Streaming Output Writes
Output nodes are the terminal sinks of a pipeline. For most topologies the Output arm runs buffered: the upstream stage accumulates every record before the writer fires. But when a single Output sits directly downstream of a fused Merge.interleave of Sources, the executor takes a streaming path that wires the Merge arm to the writer task through a bounded tokio::sync::mpsc channel and fires Writer::write_record per record, concurrent with Merge production. This page covers the topology that selects that path, the exact eligibility predicate, the end-to-end back-pressure chain, the counter semantics that must match the buffered arm, and the writer contract that rejects Value::Map payloads.
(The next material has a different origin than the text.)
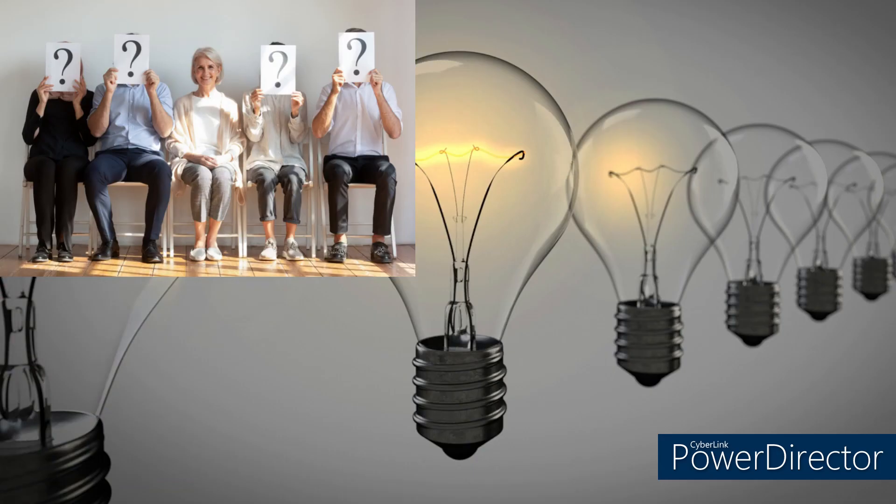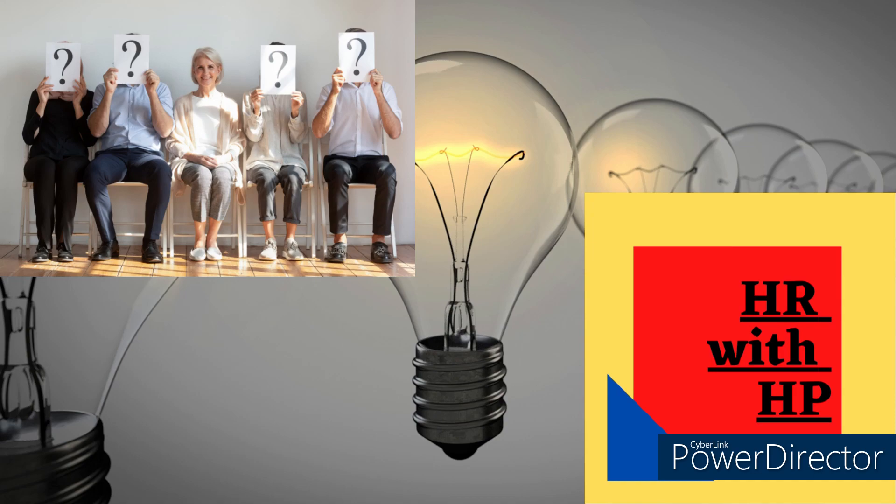Hello everyone and welcome back to the channel HR with HP. In today's video I'll be doing a compressed step-by-step of how to get your CHRP designation from the Human Resource Professional Association in Ontario. So let's get started.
User-facing view: the User Guide’s “Output Nodes” page.
Streaming vs. buffered
When a single Output sits directly downstream of a Merge whose mode is interleave and whose every direct predecessor is a Source, the executor takes the streaming path: a bounded tokio::sync::mpsc::channel connects the Merge arm to the writer task, and Writer::write_record fires per record as Merge emits, concurrent with Merge production.
The buffered alternative — which still runs for every other Output topology — waits until the Merge arm has accumulated every record before invoking the writer. With a slow upstream Source that defeats the live back-pressure the Merge.interleave fusion provides at the Source-channel layer: each record sits in node_buffers[merge] until the slow Source finishes. The streaming path exists precisely to preserve that fused back-pressure all the way to the sink.
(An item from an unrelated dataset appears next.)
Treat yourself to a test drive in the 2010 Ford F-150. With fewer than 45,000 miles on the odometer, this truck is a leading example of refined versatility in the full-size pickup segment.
The streaming path is selected automatically — there is no opt-in setting. Pipelines that don’t match the topology keep the buffered path.
Topology
- type: source
name: src_a
config: { type: csv, path: a.csv, schema: ... }
- type: source
name: src_b
config: { type: csv, path: b.csv, schema: ... }
- type: merge
name: merged
inputs: [src_a, src_b]
config:
mode: interleave # required
- type: output
name: out
input: merged
config:
name: out
type: csv
path: out.csv
Eligibility
Every condition must hold for the streaming path to engage; if any fails, the buffered path runs:
- The Output has exactly one incoming edge, and that predecessor is a
Mergewithmode: interleave. - Every direct predecessor of that Merge is a
Source— the same predicate the fusedMerge.interleavearm uses for its livetokio::select!(see Merge & Back-pressure). - The Merge has no other downstream consumer besides this one Output (no fan-out).
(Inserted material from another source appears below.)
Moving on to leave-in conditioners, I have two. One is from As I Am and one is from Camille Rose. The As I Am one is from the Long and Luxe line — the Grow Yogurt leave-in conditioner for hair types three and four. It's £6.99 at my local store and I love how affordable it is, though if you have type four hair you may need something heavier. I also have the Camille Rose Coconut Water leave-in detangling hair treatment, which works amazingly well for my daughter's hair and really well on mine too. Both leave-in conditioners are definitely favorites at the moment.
- The Output is not in the init-phase ancestor closure.
- The
OutputConfighas nosplit:block — splitting writers manage their own file rotation lifecycle. - The writer is registered in the single-file writer registry (not
fan_out_per_source_file). - No
Sourcein the pipeline declares a correlation key — the correlation-buffered output path defers writes toCorrelationCommitand is incompatible with per-record write.
Back-pressure flow
Under the streaming path, back-pressure flows end-to-end:
writer slow → mpsc::Sender::send().await yields
→ Merge arm yields
→ Source mpsc::Receiver fills
→ Source ingest task blocks on send
The bounded handoff channel between Merge and Output (256 slots) and the existing per-Source ingest channels form a single pace-bound chain from the underlying Write sink back to the source reader. A slow file system, a saturated network sink, or a deliberately-paced writer no longer accumulates records in pipeline-internal Vecs; the upstream readers slow down to match.
Counter semantics
Counter behavior under the streaming path matches the buffered Output arm exactly:
records_writtenincrements once perWriter::write_recordcall.ok_countcounts distinct sourcerow_nums reaching the Output.dlq_countis unaffected — DLQ entries originate upstream.
Stage metrics (SchemaScan, Write, Projection) accumulate into the same fields the buffered path uses. The dispatcher folds the streaming task’s per-task accounting back into the run-wide totals at end of DAG, so a streaming run and a buffered run over the same input produce identical counter output.
Writer rejection of Value::Map payloads
CSV, XML, fixed-width, EDIFACT, X12, and HL7 writers refuse records carrying a Value::Map payload at any column slot, raising:
FormatError::UnserializableMapValue { format, column }
JSON is the exception — it serializes Value::Map natively as a nested object.
The typical cause is a $widened sidecar reaching a non-JSON writer because the Output node set include_unmapped: false, which strips the sidecar’s expansion and leaves the raw Value::Map slot to hit the writer. The contract is the same on the streaming and buffered paths: the writer rejects the map-valued record rather than emitting a malformed row. See Schema Drift & the $widened Sidecar for the sidecar lifecycle, the include_unmapped interaction, and the remediation routes for this rejection.